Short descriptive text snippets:

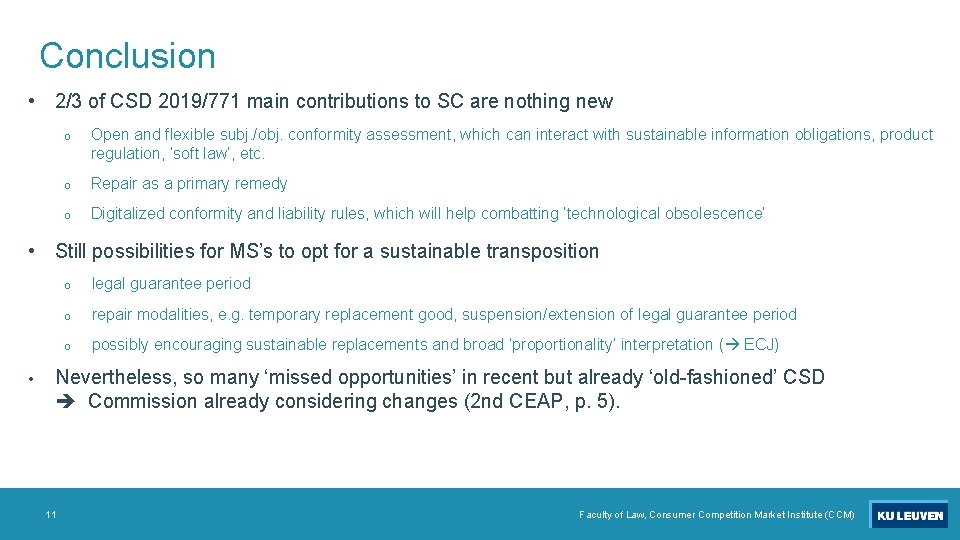 Conclusion • 2/3 of CSD 2019/771 main contributions to SC are nothing new o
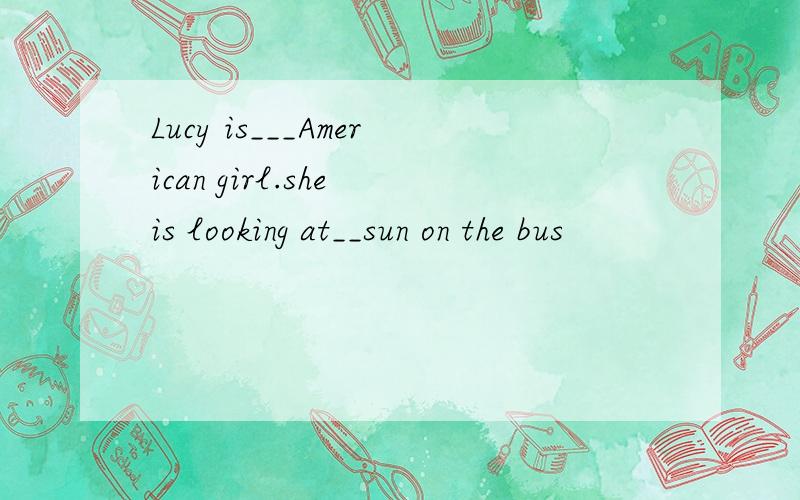 Lucy is___American girl.she is looking at__sun on the bus
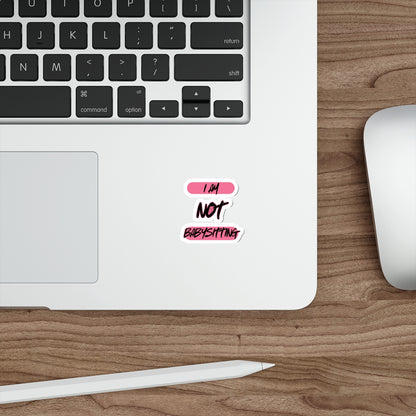Die-Cut Stickers - ‘I am not babysitting’ Dad Pride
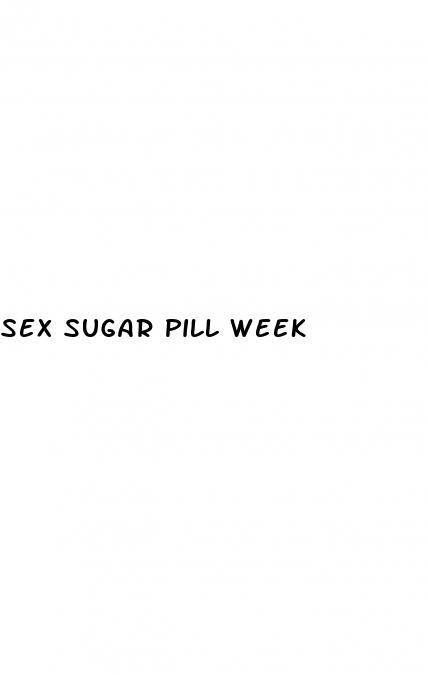 sex sugar pill week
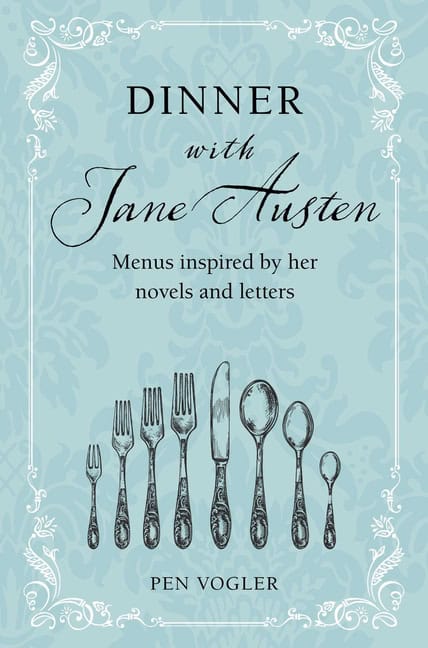 Pen Vogler | DINNER WITH JANE AUSTEN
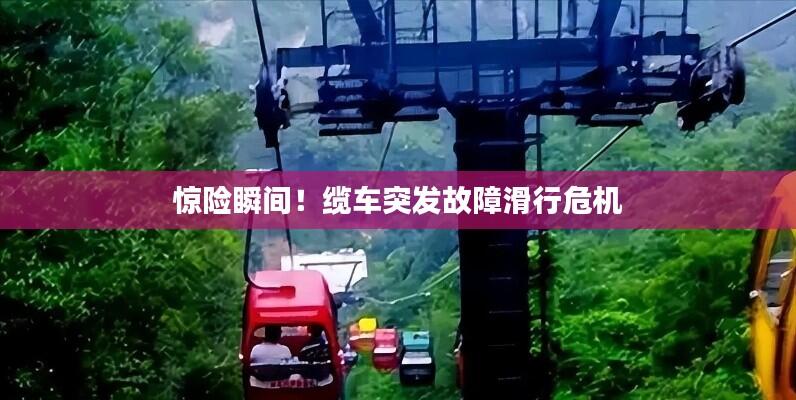 惊险瞬间!缆车突发故障滑行危机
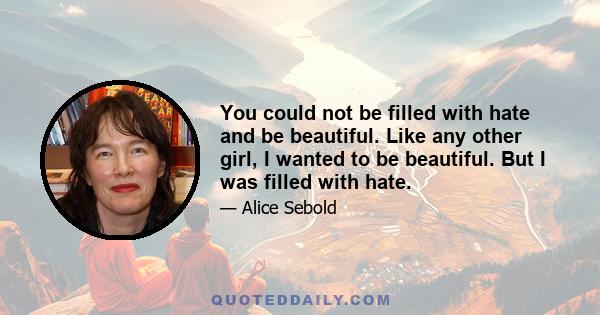 You could not be filled with hate and be beautiful. Like any other girl, I wanted to be beautiful. But I was filled with hate.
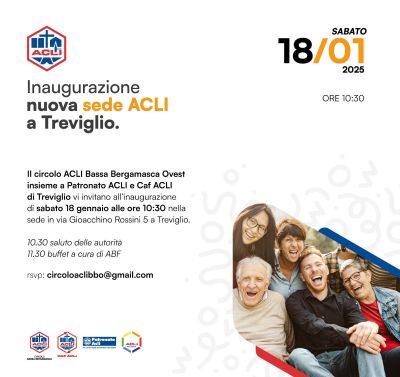 Inaugurazione nuova sede Acli a Treviglio - Circolo Acli BBO (BG)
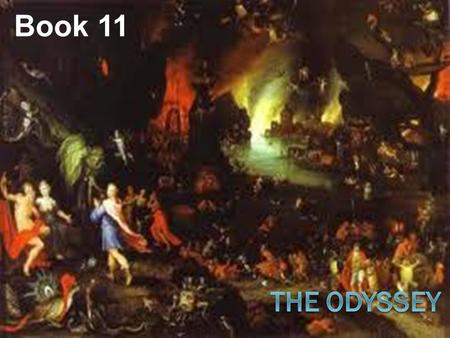 Book 11. Fear Odysseus and his men leave Circes Island weeping… What was the cause of sadness? What was left behind? Burial customs?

WHAT TO WORK ON >> The data above needs to be retyped exactly, with the images left out.

WRITTEN SOLUTION >>
 Conclusion • 2/3 of CSD 2019/771 main contributions to SC are nothing new o
 Lucy is___American girl.she is looking at__sun on the bus
Die-Cut Stickers - ‘I am not babysitting’ Dad Pride
 sex sugar pill week
 Pen Vogler | DINNER WITH JANE AUSTEN
 惊险瞬间!缆车突发故障滑行危机
 You could not be filled with hate and be beautiful. Like any other girl, I wanted to be beautiful. But I was filled with hate.
 Inaugurazione nuova sede Acli a Treviglio - Circolo Acli BBO (BG)
 Book 11. Fear Odysseus and his men leave Circes Island weeping… What was the cause of sadness? What was left behind? Burial customs?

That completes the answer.